Pregnancy and Lactation: Pregnancy category C:
– There are no adequate and well-controlled studies with methyldopa in pregnant woman. Methyldopa should be used during pregnancy and lactation only if clearly needed and under medical observation.
– Few adverse effects may occur including, dizziness, headache, weakness, and parkinsonism when higher doses are administered.
– Orthostatic hypotension, bradycardia.
– Hematological alterations including hemolytic anemia, positive Coombs test, allergic reaction, and impotence have rarely been reported.
-CNS: – Alodopa may cause sedation, it is advisable not to drive or operated machineries when taking the drug.
– Less common side effects including nasal congestion, drug fever, failure of ejaculation, decreased libido, thrombocytopenia, leukopenia, jaundice, and pancreatitis.
Dosage and Administration:
Dosge of Alodopa should be individualized.
Adults: The usual initial dose by mouth is 250 mg 2-3 times daily. Then adjusted by small increments or decrements not more frequently than every 2 days according to the response of the patient. Maximum dose is 3 g. daily.
– The usual maintenance dosage is the equivalent of 0.5 to 2 g. daily in 2-4 divided doses.
– Elderly: Initially 125 mg twice daily, increased gradually: Maximum 2 g. daily.

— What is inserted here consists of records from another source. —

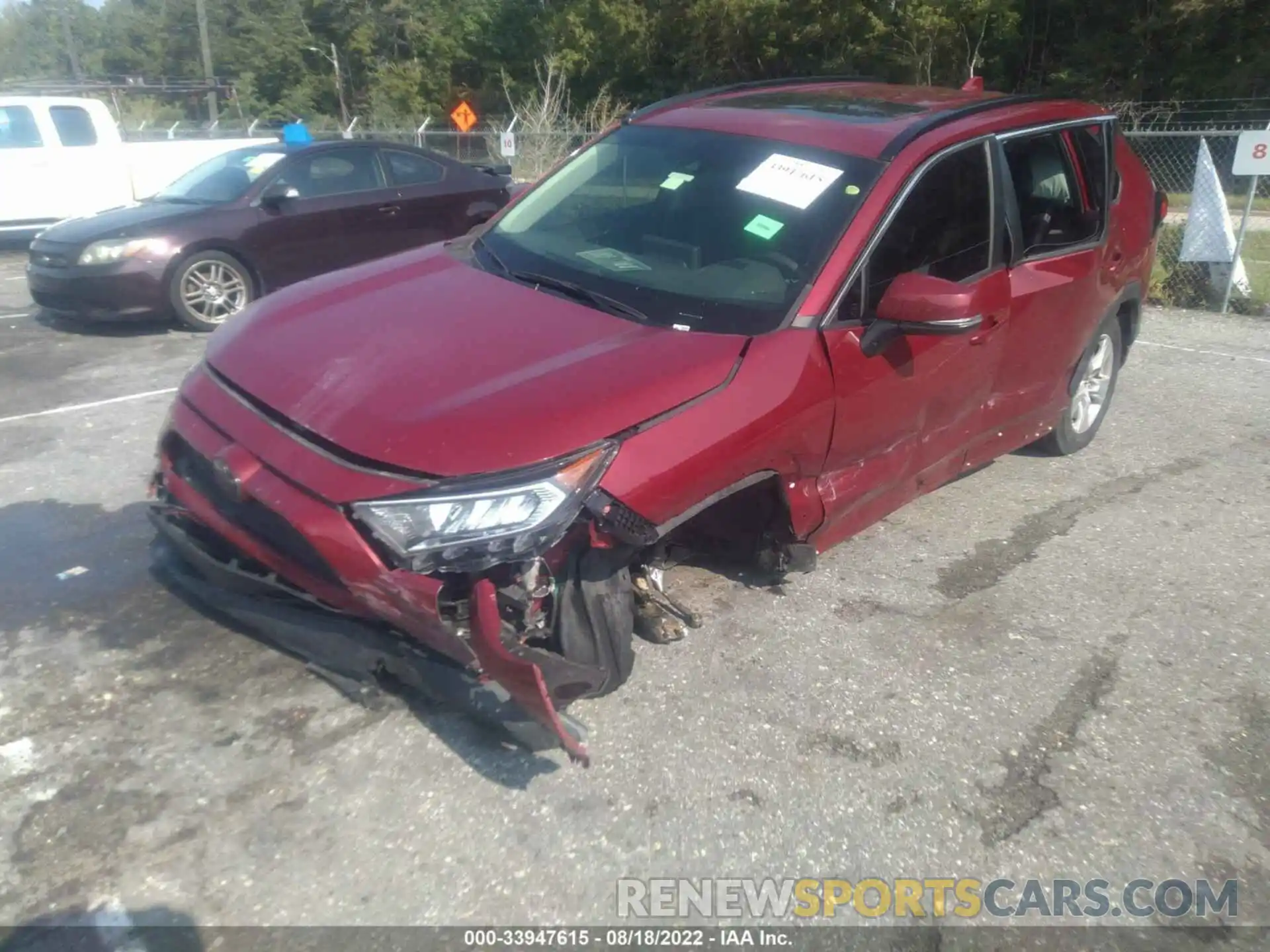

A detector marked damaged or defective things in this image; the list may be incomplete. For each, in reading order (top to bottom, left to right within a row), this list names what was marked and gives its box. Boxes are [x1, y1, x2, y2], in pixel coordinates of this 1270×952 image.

crushed front bumper [152, 365, 594, 766]
broken headlight assembly [353, 442, 619, 571]
patched asphalt [2, 250, 1270, 944]
damaged red suv [146, 78, 1163, 766]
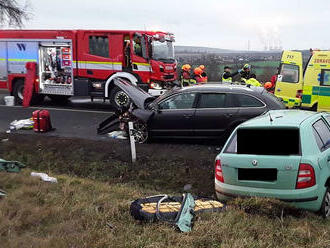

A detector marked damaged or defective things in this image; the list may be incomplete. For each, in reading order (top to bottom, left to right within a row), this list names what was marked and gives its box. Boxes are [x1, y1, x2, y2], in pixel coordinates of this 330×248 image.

crashed vehicle [96, 78, 284, 142]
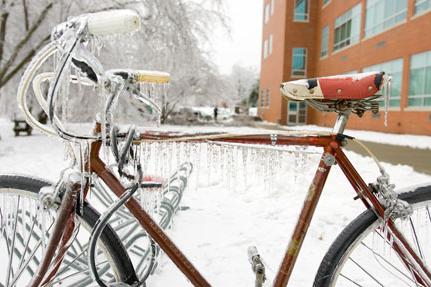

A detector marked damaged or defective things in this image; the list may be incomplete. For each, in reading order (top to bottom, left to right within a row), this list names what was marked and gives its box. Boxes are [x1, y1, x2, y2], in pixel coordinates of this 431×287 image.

rusty bicycle frame [34, 117, 431, 287]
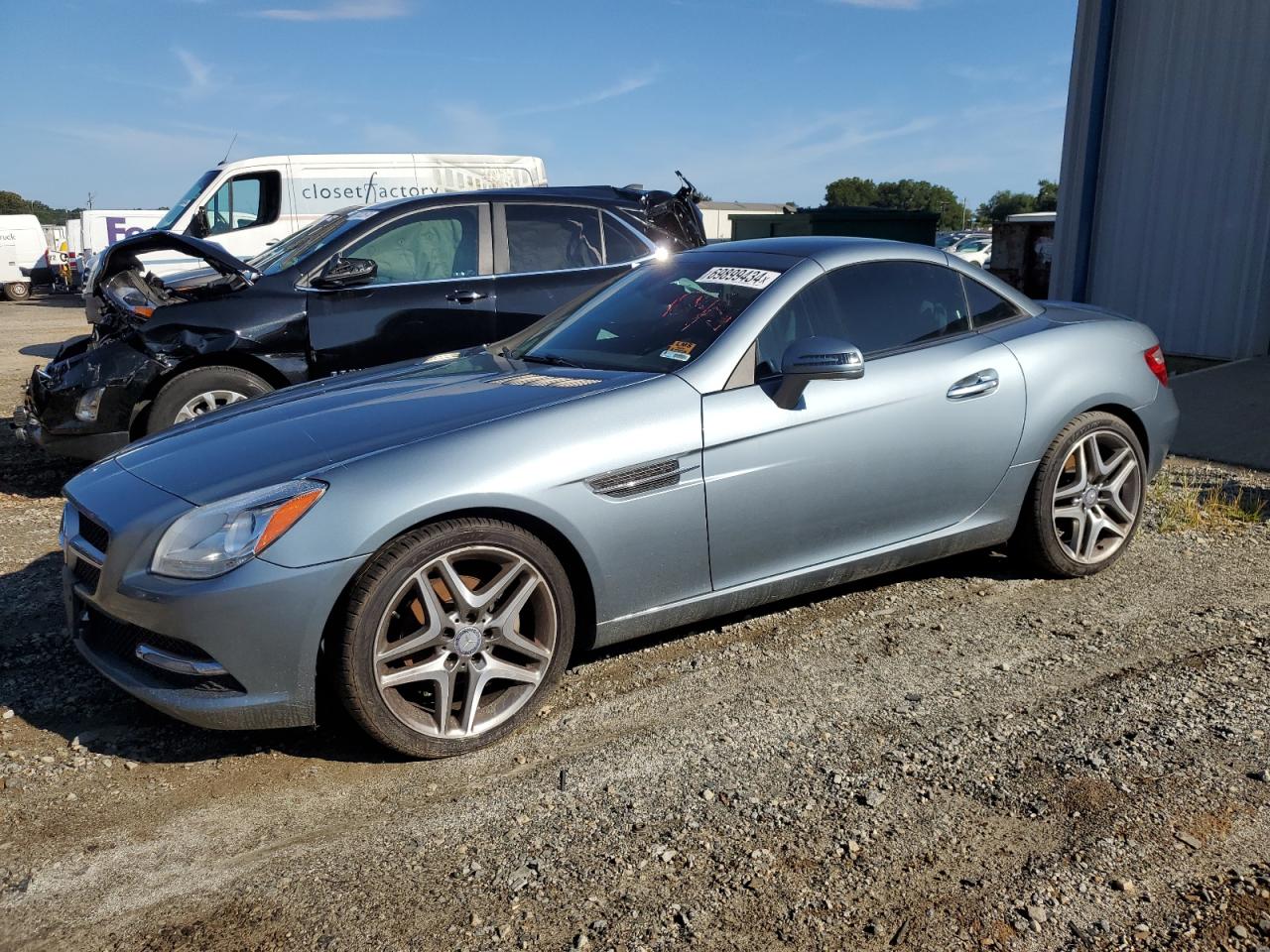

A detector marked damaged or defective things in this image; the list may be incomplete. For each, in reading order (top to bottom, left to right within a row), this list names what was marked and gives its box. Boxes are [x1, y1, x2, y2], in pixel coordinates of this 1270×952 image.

damaged black suv [17, 183, 705, 461]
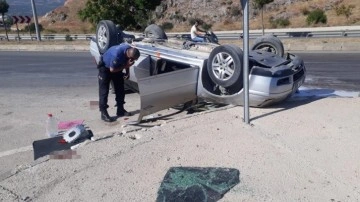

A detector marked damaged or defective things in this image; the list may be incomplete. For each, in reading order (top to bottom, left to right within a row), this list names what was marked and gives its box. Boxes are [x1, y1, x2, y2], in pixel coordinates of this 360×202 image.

overturned silver car [88, 20, 306, 121]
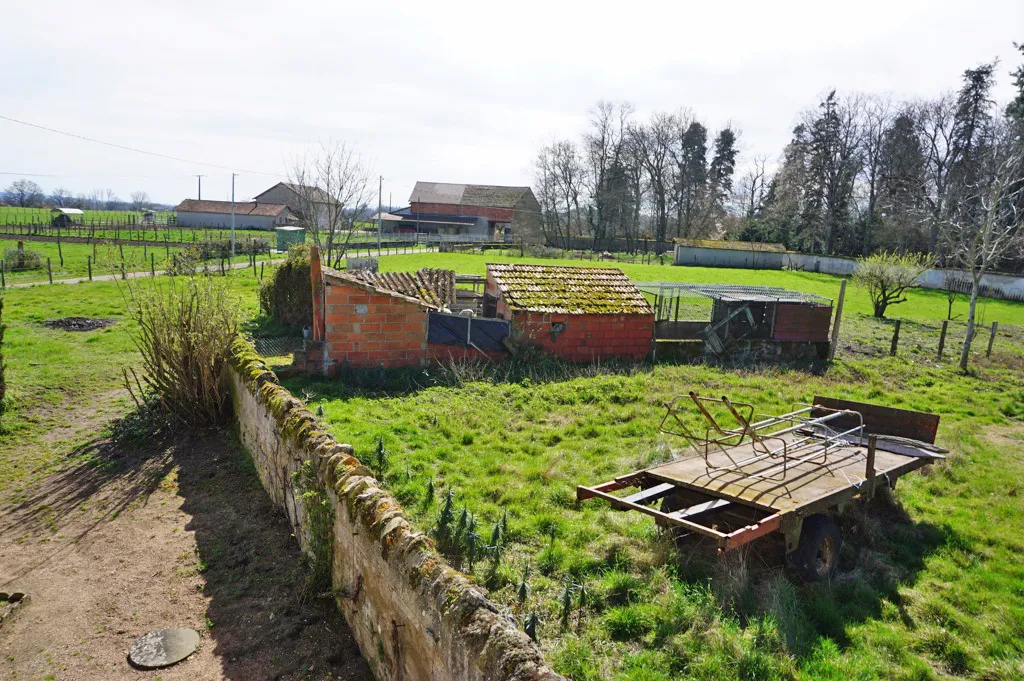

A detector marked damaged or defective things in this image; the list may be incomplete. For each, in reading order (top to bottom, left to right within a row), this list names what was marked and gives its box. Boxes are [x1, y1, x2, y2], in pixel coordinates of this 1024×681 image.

rusty farm trailer [576, 394, 944, 580]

– Children: A suggested initial dose of 10 mg per kg body -weight daily in 2-4 divided doses. Increased as necessary until adequate response is achieved to maximum of 65 mg per kg or 3 g. daily whichever is less.
– Dosage reduction should be considered in patients with renal insufficiency.
Box containing Alodopa ( 125 mg -250 mg – 500 mg ) 30- 50 F.C. Tablets.
Storage: Store at temperature (15-30)° C.